EXERCISE INSTRUCTIONS ▸ Produce an exact copy of the listing.

DATA SEGMENT ▸

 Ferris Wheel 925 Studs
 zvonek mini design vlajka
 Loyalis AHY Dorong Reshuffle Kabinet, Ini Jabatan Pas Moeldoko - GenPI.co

ANSWER ▸
 Ferris Wheel 925 Studs
 zvonek mini design vlajka
 Loyalis AHY Dorong Reshuffle Kabinet, Ini Jabatan Pas Moeldoko - GenPI.co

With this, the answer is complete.